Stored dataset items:
▼

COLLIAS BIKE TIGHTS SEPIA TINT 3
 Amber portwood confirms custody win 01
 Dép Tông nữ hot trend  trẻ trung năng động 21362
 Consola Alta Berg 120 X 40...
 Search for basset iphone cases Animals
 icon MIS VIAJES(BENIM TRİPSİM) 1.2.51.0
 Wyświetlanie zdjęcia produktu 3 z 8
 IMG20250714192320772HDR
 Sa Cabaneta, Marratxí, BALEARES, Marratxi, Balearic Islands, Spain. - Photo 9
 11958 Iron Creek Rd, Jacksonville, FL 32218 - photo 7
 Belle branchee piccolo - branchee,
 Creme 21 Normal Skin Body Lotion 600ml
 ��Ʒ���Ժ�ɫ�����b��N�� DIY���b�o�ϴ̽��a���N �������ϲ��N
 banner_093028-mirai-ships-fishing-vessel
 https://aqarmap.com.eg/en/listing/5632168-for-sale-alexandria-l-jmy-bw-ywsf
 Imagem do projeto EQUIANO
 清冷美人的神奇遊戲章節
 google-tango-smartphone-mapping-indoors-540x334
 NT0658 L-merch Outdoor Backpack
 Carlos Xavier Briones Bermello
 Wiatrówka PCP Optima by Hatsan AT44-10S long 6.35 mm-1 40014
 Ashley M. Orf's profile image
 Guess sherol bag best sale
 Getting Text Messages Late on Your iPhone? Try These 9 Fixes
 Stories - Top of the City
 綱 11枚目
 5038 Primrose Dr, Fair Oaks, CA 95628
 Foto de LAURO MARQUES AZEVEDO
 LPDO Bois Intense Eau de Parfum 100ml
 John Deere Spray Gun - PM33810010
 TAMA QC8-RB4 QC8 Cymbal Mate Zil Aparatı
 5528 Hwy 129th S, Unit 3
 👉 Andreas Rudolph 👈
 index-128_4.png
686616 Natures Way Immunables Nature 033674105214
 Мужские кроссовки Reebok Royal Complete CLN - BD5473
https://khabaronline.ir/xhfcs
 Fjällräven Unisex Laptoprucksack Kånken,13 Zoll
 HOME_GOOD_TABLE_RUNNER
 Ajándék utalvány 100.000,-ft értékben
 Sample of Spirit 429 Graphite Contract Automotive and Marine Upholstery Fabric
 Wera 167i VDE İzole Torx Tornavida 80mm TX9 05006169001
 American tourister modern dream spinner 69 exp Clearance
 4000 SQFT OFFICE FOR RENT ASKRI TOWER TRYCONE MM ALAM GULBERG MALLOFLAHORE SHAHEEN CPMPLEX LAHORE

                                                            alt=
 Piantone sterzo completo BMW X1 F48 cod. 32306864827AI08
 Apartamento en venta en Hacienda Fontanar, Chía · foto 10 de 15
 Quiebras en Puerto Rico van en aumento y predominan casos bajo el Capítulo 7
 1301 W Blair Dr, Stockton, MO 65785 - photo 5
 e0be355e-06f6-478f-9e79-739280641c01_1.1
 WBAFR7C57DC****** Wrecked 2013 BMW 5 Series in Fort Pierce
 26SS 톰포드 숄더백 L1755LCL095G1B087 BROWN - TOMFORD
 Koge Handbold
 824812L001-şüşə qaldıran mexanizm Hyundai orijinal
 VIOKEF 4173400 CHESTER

▲

§ Task objective
What you copy out must be exactly the lines from the line containing "Fjällräven Unisex Laptoprucksack" through the end of the records.

§ Your solution
 Fjällräven Unisex Laptoprucksack Kånken,13 Zoll
 HOME_GOOD_TABLE_RUNNER
 Ajándék utalvány 100.000,-ft értékben
 Sample of Spirit 429 Graphite Contract Automotive and Marine Upholstery Fabric
 Wera 167i VDE İzole Torx Tornavida 80mm TX9 05006169001
 American tourister modern dream spinner 69 exp Clearance
 4000 SQFT OFFICE FOR RENT ASKRI TOWER TRYCONE MM ALAM GULBERG MALLOFLAHORE SHAHEEN CPMPLEX LAHORE

                                                            alt=
 Piantone sterzo completo BMW X1 F48 cod. 32306864827AI08
 Apartamento en venta en Hacienda Fontanar, Chía · foto 10 de 15
 Quiebras en Puerto Rico van en aumento y predominan casos bajo el Capítulo 7
 1301 W Blair Dr, Stockton, MO 65785 - photo 5
 e0be355e-06f6-478f-9e79-739280641c01_1.1
 WBAFR7C57DC****** Wrecked 2013 BMW 5 Series in Fort Pierce
 26SS 톰포드 숄더백 L1755LCL095G1B087 BROWN - TOMFORD
 Koge Handbold
 824812L001-şüşə qaldıran mexanizm Hyundai orijinal
 VIOKEF 4173400 CHESTER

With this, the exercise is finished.